Repeat exactly the lines below that lie between the line with "Luckybunny Girls Leopard" and the line with "Esstisch Eiche Tischplatte, Tisch", counting both of those lines as part of the answer.

Entries taken from a collection
= Beginning of Section =
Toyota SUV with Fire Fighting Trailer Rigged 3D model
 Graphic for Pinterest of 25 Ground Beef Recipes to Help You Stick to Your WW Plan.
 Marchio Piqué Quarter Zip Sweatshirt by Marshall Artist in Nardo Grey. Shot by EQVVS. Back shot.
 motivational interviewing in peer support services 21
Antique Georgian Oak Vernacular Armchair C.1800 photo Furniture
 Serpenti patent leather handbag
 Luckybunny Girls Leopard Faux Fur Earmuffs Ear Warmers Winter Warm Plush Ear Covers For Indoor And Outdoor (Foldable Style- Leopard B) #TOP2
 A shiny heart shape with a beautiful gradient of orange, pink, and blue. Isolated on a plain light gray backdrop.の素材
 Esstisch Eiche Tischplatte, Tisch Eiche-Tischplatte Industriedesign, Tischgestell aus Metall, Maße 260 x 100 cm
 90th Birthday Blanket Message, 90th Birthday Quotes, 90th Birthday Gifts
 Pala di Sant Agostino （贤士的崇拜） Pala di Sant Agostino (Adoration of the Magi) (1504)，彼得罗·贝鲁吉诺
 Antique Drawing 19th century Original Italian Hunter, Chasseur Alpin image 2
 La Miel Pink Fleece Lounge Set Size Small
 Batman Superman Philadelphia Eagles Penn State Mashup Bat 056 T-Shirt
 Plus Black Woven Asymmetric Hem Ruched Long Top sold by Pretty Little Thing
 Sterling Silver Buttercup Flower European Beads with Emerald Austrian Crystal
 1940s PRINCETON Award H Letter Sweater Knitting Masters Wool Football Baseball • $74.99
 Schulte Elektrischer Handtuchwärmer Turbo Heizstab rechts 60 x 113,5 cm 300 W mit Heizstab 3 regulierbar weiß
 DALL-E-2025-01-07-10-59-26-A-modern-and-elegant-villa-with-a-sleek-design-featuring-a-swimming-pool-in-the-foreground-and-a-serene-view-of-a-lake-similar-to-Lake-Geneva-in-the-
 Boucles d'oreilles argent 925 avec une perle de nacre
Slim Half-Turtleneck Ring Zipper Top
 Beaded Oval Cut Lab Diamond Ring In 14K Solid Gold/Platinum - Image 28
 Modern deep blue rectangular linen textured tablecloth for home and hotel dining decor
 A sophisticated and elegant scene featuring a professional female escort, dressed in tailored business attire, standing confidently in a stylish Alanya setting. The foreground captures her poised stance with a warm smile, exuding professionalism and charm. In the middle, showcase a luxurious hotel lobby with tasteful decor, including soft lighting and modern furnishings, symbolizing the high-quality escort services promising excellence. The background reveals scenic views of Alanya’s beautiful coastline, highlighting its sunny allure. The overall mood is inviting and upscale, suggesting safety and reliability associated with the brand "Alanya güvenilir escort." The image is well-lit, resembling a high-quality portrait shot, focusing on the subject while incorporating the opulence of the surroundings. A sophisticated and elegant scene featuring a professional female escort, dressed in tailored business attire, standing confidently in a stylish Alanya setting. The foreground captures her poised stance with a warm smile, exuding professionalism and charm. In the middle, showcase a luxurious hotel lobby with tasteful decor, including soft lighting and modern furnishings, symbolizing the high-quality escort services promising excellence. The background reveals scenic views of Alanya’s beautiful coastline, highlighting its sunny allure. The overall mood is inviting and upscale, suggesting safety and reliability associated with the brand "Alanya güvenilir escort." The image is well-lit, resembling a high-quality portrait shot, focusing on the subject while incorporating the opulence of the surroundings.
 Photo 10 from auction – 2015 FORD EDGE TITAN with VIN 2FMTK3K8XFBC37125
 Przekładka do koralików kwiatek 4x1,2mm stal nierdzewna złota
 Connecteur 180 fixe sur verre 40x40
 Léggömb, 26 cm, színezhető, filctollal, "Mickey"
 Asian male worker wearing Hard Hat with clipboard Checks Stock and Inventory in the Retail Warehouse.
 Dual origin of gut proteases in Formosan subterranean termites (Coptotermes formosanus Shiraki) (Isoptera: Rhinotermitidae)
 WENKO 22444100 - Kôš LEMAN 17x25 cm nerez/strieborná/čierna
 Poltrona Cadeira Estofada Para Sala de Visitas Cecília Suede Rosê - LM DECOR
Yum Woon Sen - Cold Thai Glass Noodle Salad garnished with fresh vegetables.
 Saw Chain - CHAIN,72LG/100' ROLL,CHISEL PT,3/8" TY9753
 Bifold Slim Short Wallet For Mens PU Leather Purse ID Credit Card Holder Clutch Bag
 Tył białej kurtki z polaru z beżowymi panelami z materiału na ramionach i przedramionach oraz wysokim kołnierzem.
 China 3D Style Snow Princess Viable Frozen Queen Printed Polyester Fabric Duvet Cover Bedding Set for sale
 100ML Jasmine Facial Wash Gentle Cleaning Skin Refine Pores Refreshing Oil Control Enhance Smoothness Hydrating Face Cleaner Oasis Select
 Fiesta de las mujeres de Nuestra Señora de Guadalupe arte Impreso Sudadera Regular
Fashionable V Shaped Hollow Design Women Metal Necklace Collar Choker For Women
= End of Section =
▸ **SOLUTION BELOW**
 Luckybunny Girls Leopard Faux Fur Earmuffs Ear Warmers Winter Warm Plush Ear Covers For Indoor And Outdoor (Foldable Style- Leopard B) #TOP2
 A shiny heart shape with a beautiful gradient of orange, pink, and blue. Isolated on a plain light gray backdrop.の素材
 Esstisch Eiche Tischplatte, Tisch Eiche-Tischplatte Industriedesign, Tischgestell aus Metall, Maße 260 x 100 cm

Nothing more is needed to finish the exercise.